Media Diet: More books, less news

Four months ago, I took a break from the news. Partly from exhaustion. Partly because I realized how I wasn’t informed, I was entertained. Mostly because a friend challenged me — to limit inputs and consume slower; to be intentional about information consumption. And I challenge you: I’ll show you how you can learn more and avoid the outrage rollercoaster by going slower.

(Short on time? Skip to my tactical recommendations.)

Cutting news

Each of us has access to more information than we could reasonably use. We tell ourselves that it’s part of our job, that we have to be “on top of things,” and so we give up precious time to news reports, meetings, and other forms of feedback… We must stop this.
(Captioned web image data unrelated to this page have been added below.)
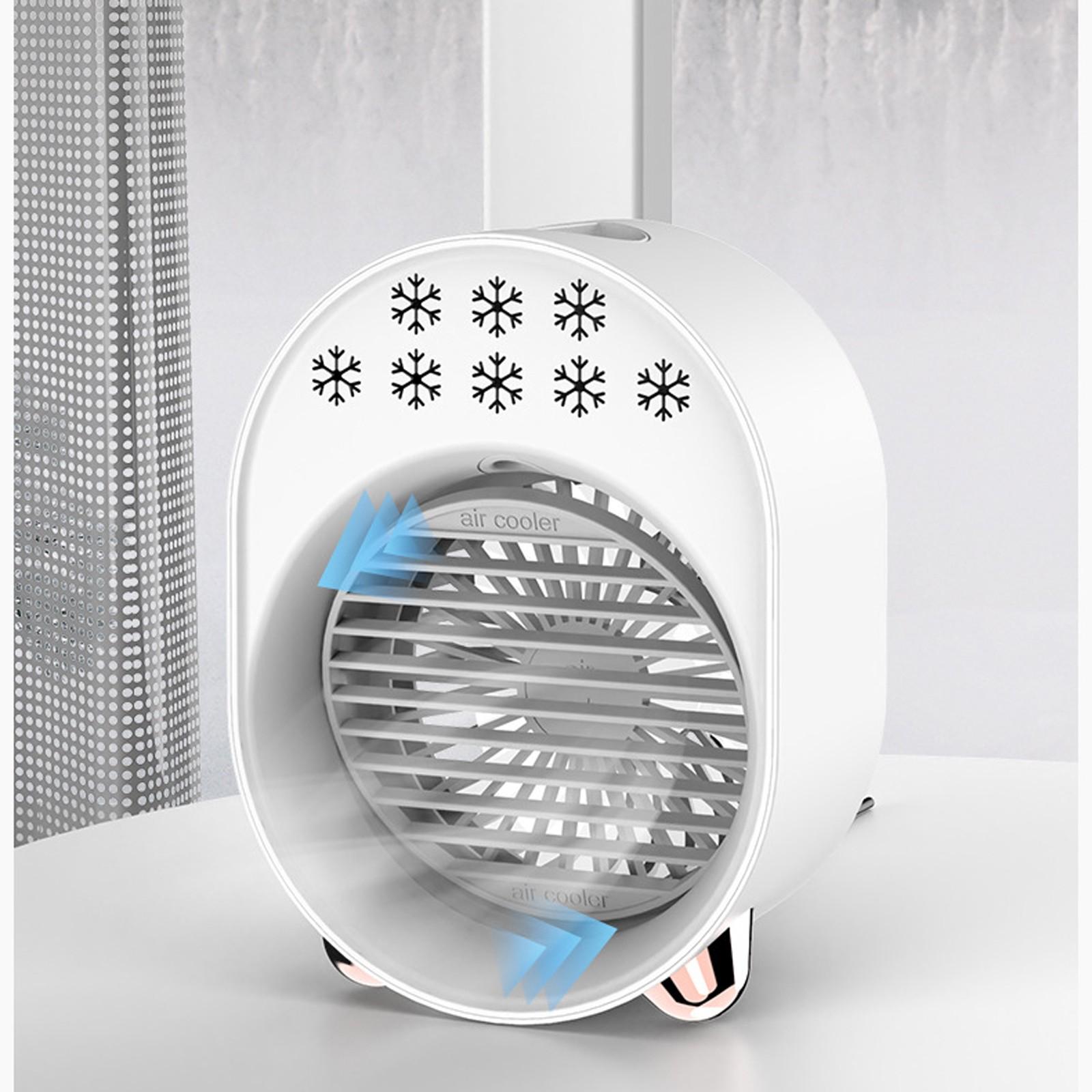 

Новий кулер побутового кондиціонера вентилятор настільний малий спрей USB інтерфейс білий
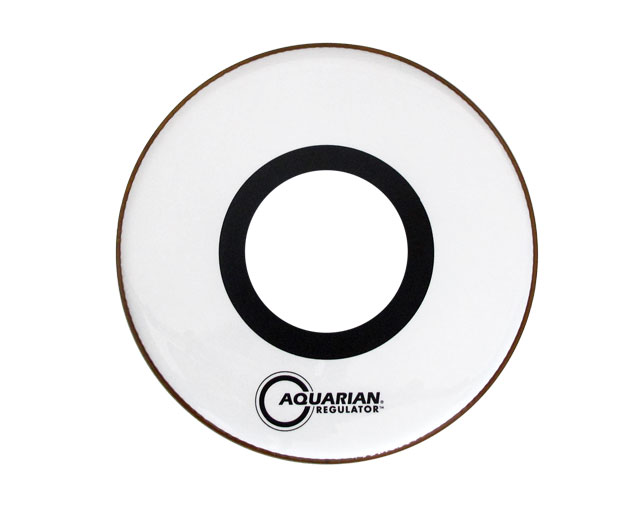 Aquarian RPT18W Regulator 7"Hole White 18" Bass Drum head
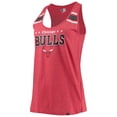 thumbnail image 2 of Women's New Era Heathered Red Chicago Bulls Scoop-Neck Racerback Tank Top, 2 of 3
“If you wish to improve,” Epictetus once said, “be content to appear clueless or stupid in extraneous matters.”Ryan Holiday, Stillness is the Key

I had no TV habit, but consumed news in two major ways: web aggregators and podcasts. The Week, a fairly centrist publication with a Speed Reads section that includes tweet-sized stories of nearly everything that happens in the US, was my go-to. I had it bookmarked on my phone, and absent-mindedly visited over 20 times a day. The bite-sized headline habit was addictive: I subscribed to a drip of outrage, and felt I was informed. I was excellent at Wait Wait… Don’t Tell Me!’s Lightning Fill-in-the-Blank segment.

For all that attention, I was no better. I knew that Some-Politician Said Something and Some-Person Did Something. I felt informed. But, for what? What did it impact? The aggregate surely impacts voting, but that doesn’t happen often. Instead, I rode the daily highs and lows of outrage, hype, and commotion. Something’s always happening, little that matters.

It encouraged short-term thinking. There was always a crisis, always a threat. Everyone’s incentivized to create news in order to control the narrative. It’s not their fault, it’s ours. We give them permission to our attention.

So, I blocked my news site — easy.

Easy: news. Harder: podcasts

I wanted to push the brakes and slow things down. How much really mattered? Podcasts are fine, but interview-style shows are optimized to be easy to produce, not a great use of time. A friend with a popular interview podcast says that, with the help of researchers to provide context and editors to refine output, they spend roughly 5x of the episode length to make the show. So, within an order of magnitude, the content is produced as easily as it’s recorded.

If you often listen to current event or interview podcasts, how often do you benefit from them? At my previous rate of consumption — over 5 episodes of various podcasts a week — how could they? Certainly, some were great. But out of the 300 informational podcasts I listened to a year, how small of a minority actually produced meaningful change in how I view the world or act?

I was entertained. And there’s nothing wrong with being entertained, but when you think you’re informing yourself, something’s amiss.

So, I took a break from podcasts, and transitioned that listening time—6 to 8 hours a week—to audiobooks.

To the (audio)books…

To replace podcasts, a friend suggested audiobooks. The form factor is similar: I can listen while on a walk, and consumption can still be fairly passive. “An audiobook is like a long podcast,” they commented, “where the author spent easily 100x more time writing it than it takes to consume.” It’s scripted, every word is intentional. It’s been through real editing. It garnered enough interest where a publisher paid for its audio production.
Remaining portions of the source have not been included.